[Scraped caption text data]
======

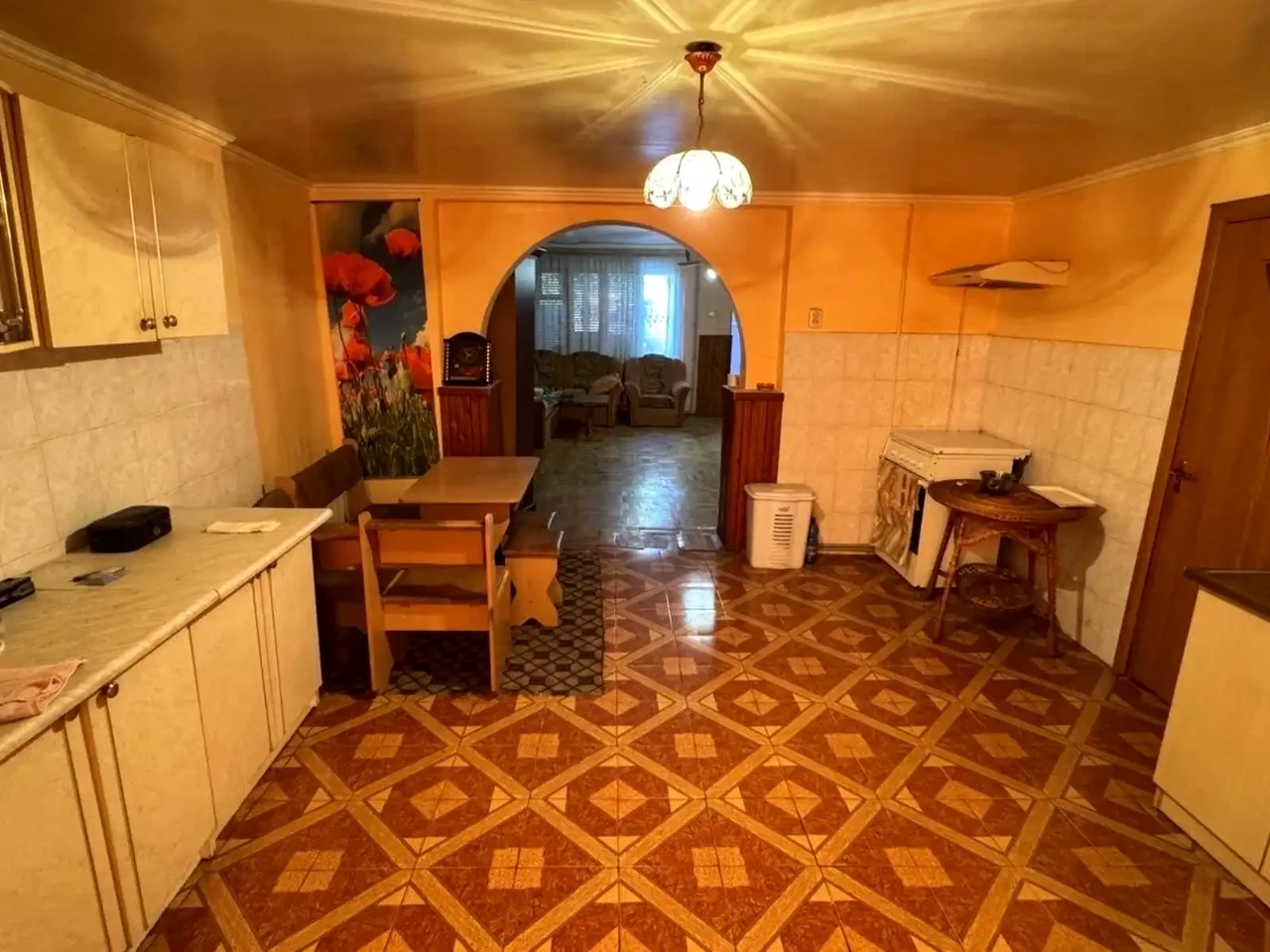 Продаж квартири, 3 кімнати, 81 м²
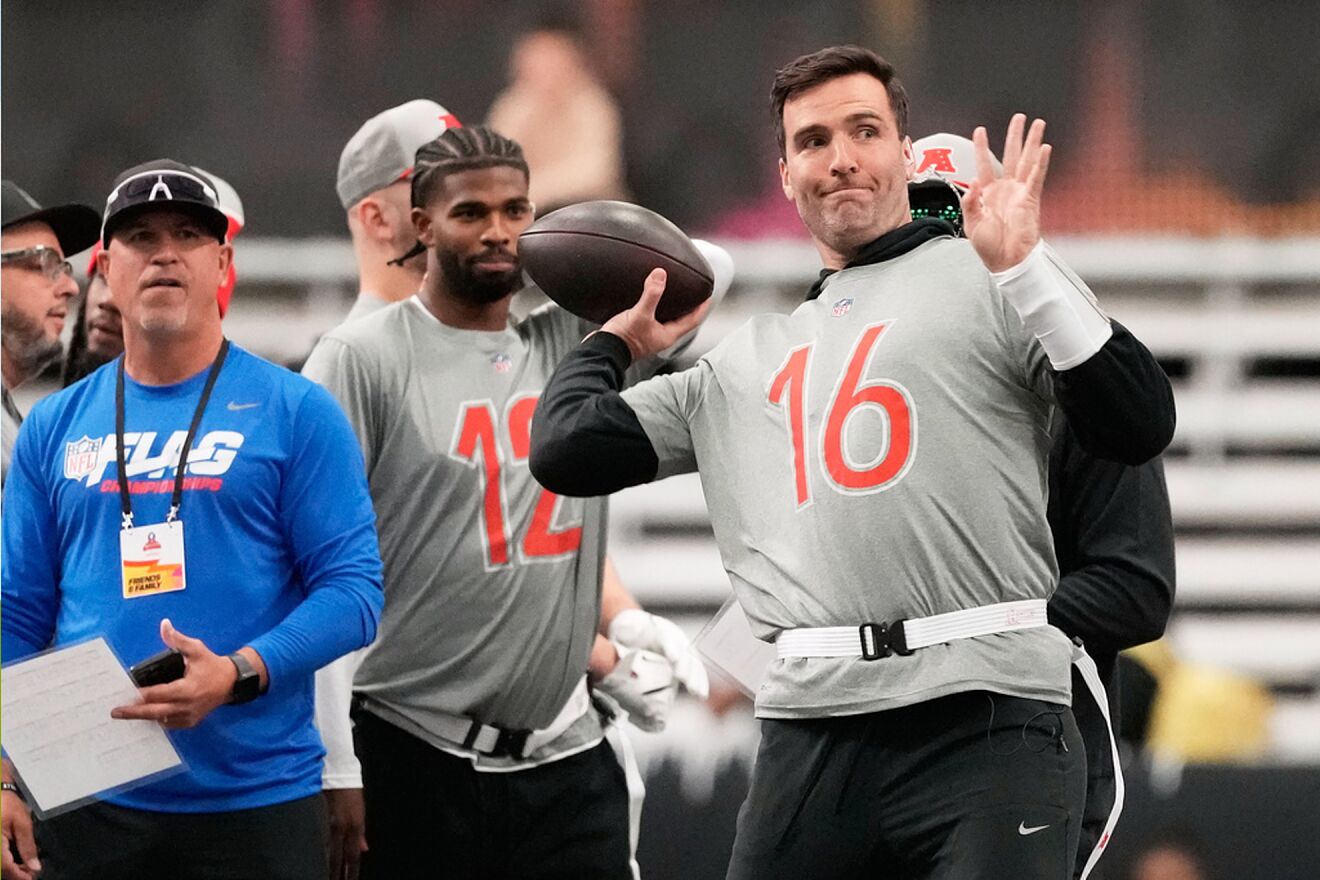AFC quarterback Joe Flacco (16), of the Cincinnati Bengals, throws a...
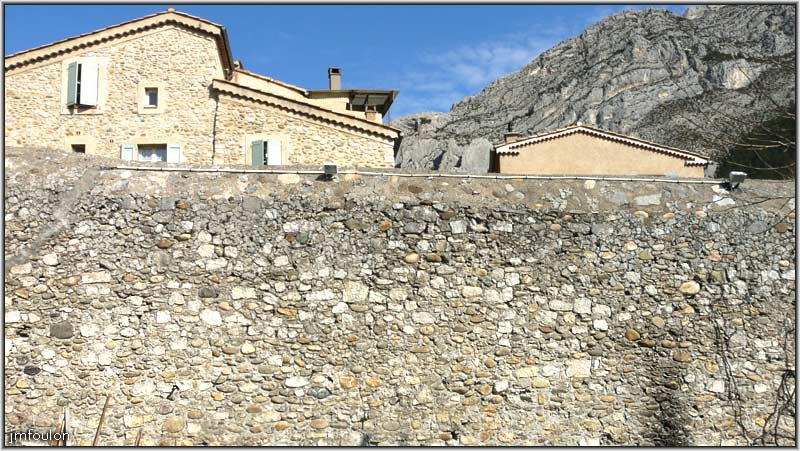 rempart-bg-reynaud-04web.jpg - Sisteron - Vestiges des Remparts - Bourg Reynaud. Le long de la Durance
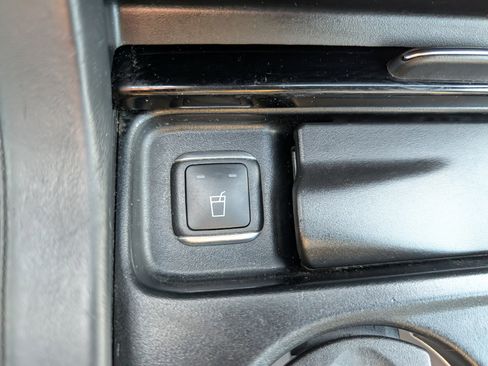 Used 2015 Mercedes-Benz ML 63 AMG 4MATIC image 18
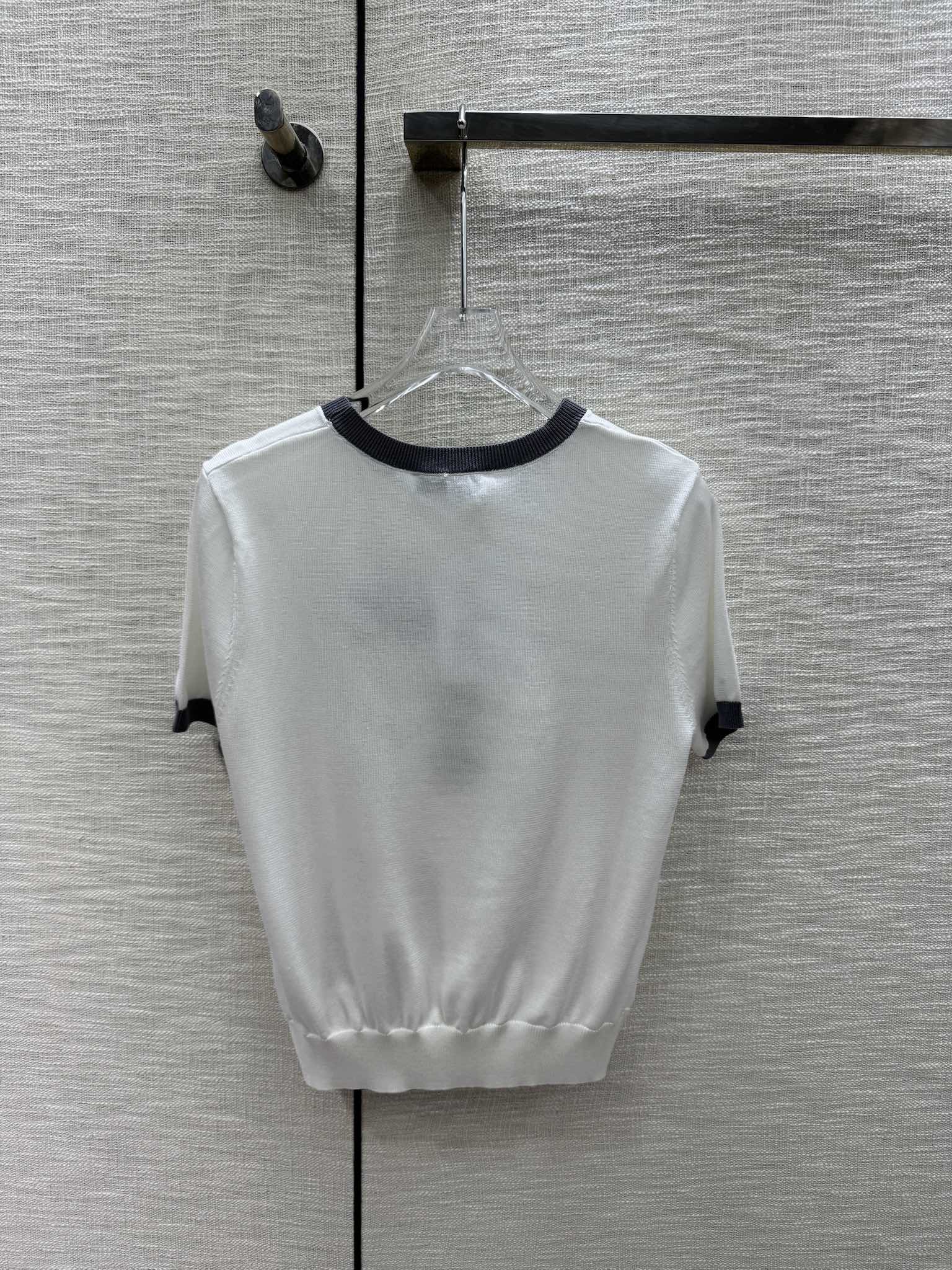 限定セール 低価dior 半袖tシャツ偽物2024年の春夏最新コレクション ラウンドネック 数字8のロゴ_7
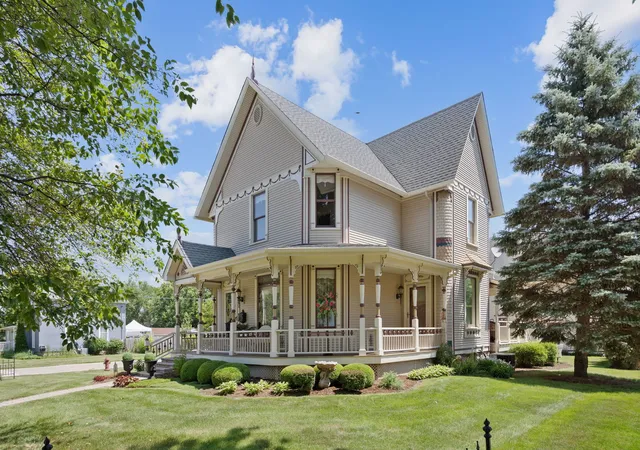 1st image of 325 N State St, Marengo, IL 60152 | MLS# 12701358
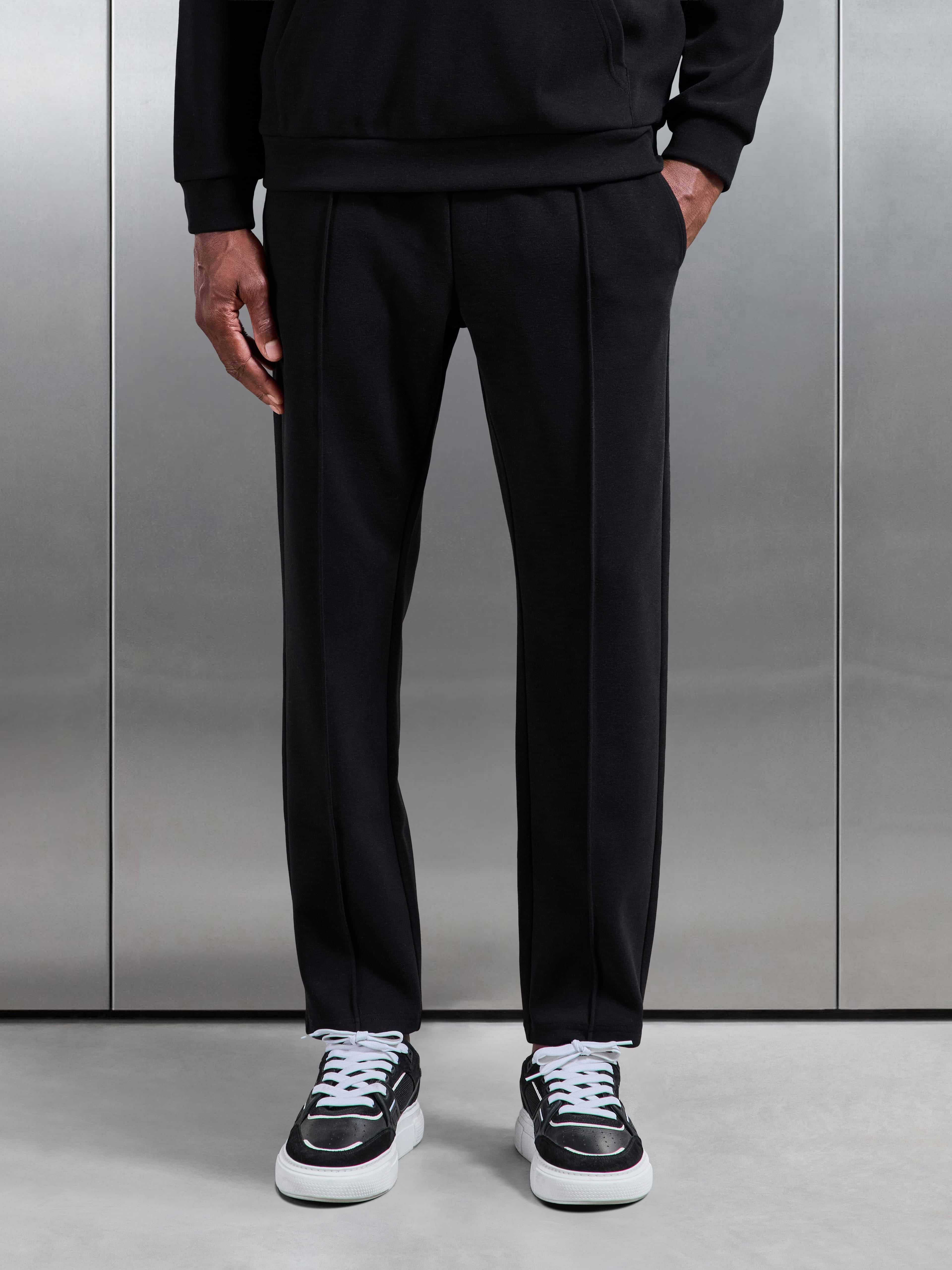 Slim Fit Knitted Jogger in Black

======

TRY IT: The result should be an exact copy of only the lines above from the one that holds "AFC quarterback Joe" through the one that holds "限定セール 低価dior 半袖tシャツ偽物2024年の春夏最新コレクション", both ends included, without pictures.

EXPECTED ANSWER:
AFC quarterback Joe Flacco (16), of the Cincinnati Bengals, throws a...
 rempart-bg-reynaud-04web.jpg - Sisteron - Vestiges des Remparts - Bourg Reynaud. Le long de la Durance
 Used 2015 Mercedes-Benz ML 63 AMG 4MATIC image 18
 限定セール 低価dior 半袖tシャツ偽物2024年の春夏最新コレクション ラウンドネック 数字8のロゴ_7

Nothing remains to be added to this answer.